**WHAT THE TASK ASKS:** Repeat the following entries verbatim, apart from the pictures.

**Scraped caption text data:**

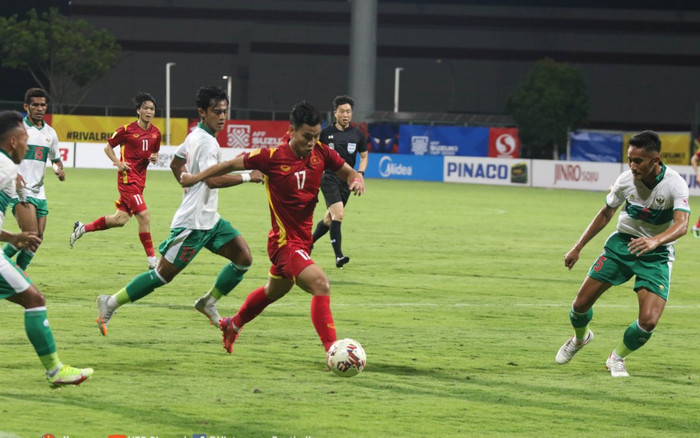 Indonesia đá xấu nhất AFF Cup 2020 Ảnh 2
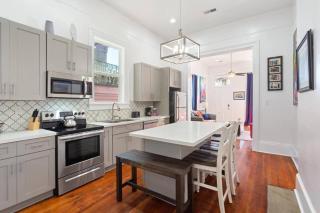 Classic and Charming 3BR Home in Treme - 0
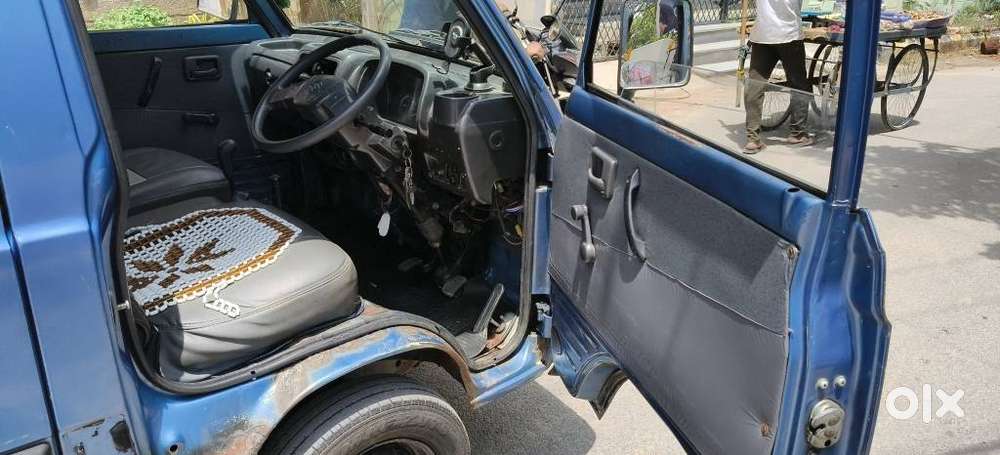 Maruti Suzuki Omni 8 Seater, 2008, Petrol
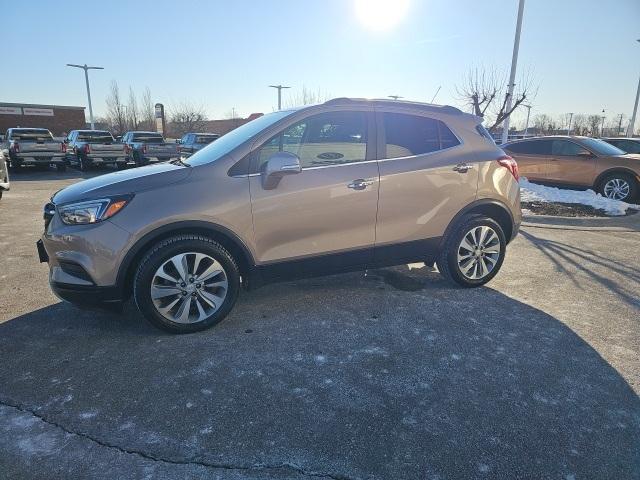 used 2018 Buick Encore car, priced at $11,949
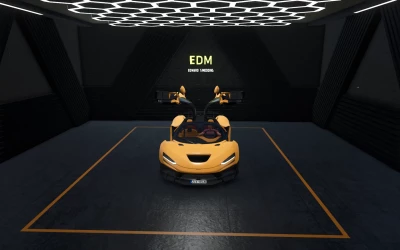 Fs25 Edm McLaren W1 2026 v1.0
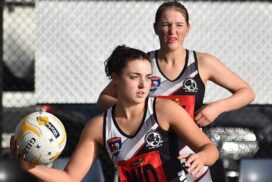 North Ballarat netball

**EXERCISE OUTPUT:**
 Indonesia đá xấu nhất AFF Cup 2020 Ảnh 2
 Classic and Charming 3BR Home in Treme - 0
 Maruti Suzuki Omni 8 Seater, 2008, Petrol
 used 2018 Buick Encore car, priced at $11,949
 Fs25 Edm McLaren W1 2026 v1.0
 North Ballarat netball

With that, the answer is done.